The title of States of Flux is one clue: Leana Quade’s fun Pittsburgh Glass Center exhibit is mostly about playing with the medium. A second tip-off is that on entering the gallery, you’re given the rare chance to literally play with art — a multi-colored, please-touch collection of triangular springs crafted from single long “wires” of hot-formed glass fine as pencil leads. Press gently and watch them bounce back.
“I attempt to provide the viewer with an opportunity to perceive glass in a new way and think twice about how it acts, moves and functions,” writes the Cleveland-based Quade in press materials. Most of the exhibit’s 45 or so works are variations on what Quade calls her “spirals,” with titles like “Spiral Intension 16” and “Vortex 3.” Most rest individually inside their own clear-glass vessels, some seemingly hollow, others with the spiral suspended in solid glass. Done in green, lavender, gold and red, they suggest Slinkies, though a few might be organic forms (abstract leeches, perhaps) attempting escape. “Coulage,” a minute-long video capturing ribbons of molten glass dancing through water, reads like a found abstract.
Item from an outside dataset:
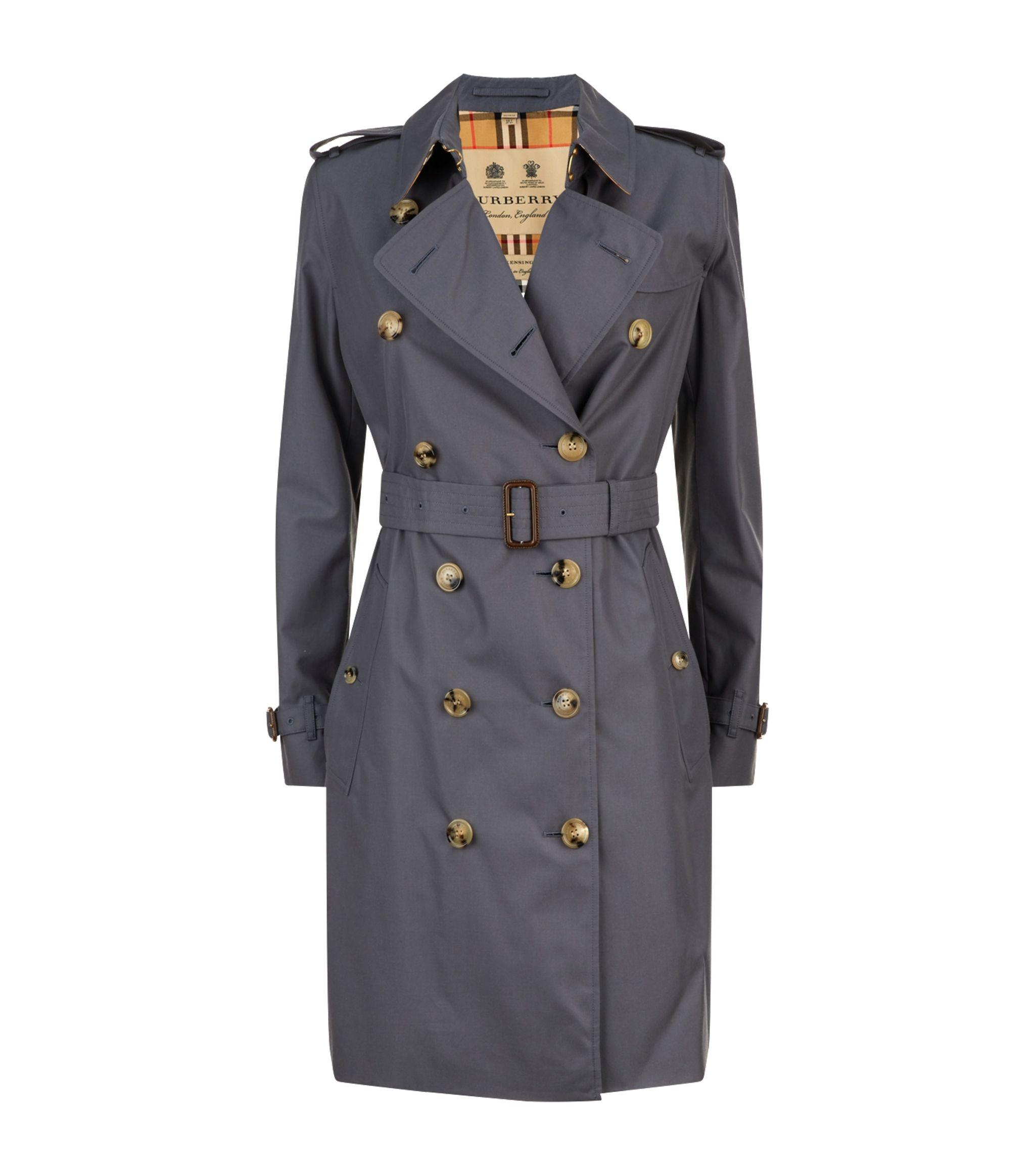 Burberry Cotton Kensington Heritage Trench Coat in Gray - Lyst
Larger works include two “Weeping Woman” sculptures, each with a female figure that “‘weeps’ saltwater and color to create crystal formations” from salt. The formations, resembling coral, are pale yellow and blue and grow continually, gradually obscuring the figure itself. The sprawling floor-level installation “Tetrapod Mountain” consists of white plaster tetrapods (think “oversized jacks”) piled on a spill of coal slag; on one face of the mountain, another doll-sized white-plaster nude perches, as if at seaside.
While those three partly figurative works are the closest Quade gets to metaphor, the installation “Soothing Anxiety” suggests meditation as an option. Walk inside this semi-sanctuary, which is like a 7-foot-tall wardrobe screen made of dozens of large kiln-cast-glass squares of varying translucence mounted in a metal frame, illuminated by subtle, ever-changing light projections. Each square bears 12 pyramidal shapes whose sharp peaks belie the wombish feel.
The exhibit’s centerpiece is the four-minute video “Release,” in which the artist attaches a ratchet strap to the short ends of a 7-foot rectangle of tempered sheet glass and slowly bends it into a U, testing its limits. The climax is impressive. A replica of the glass plate sits at your feet, but you can’t play with that one.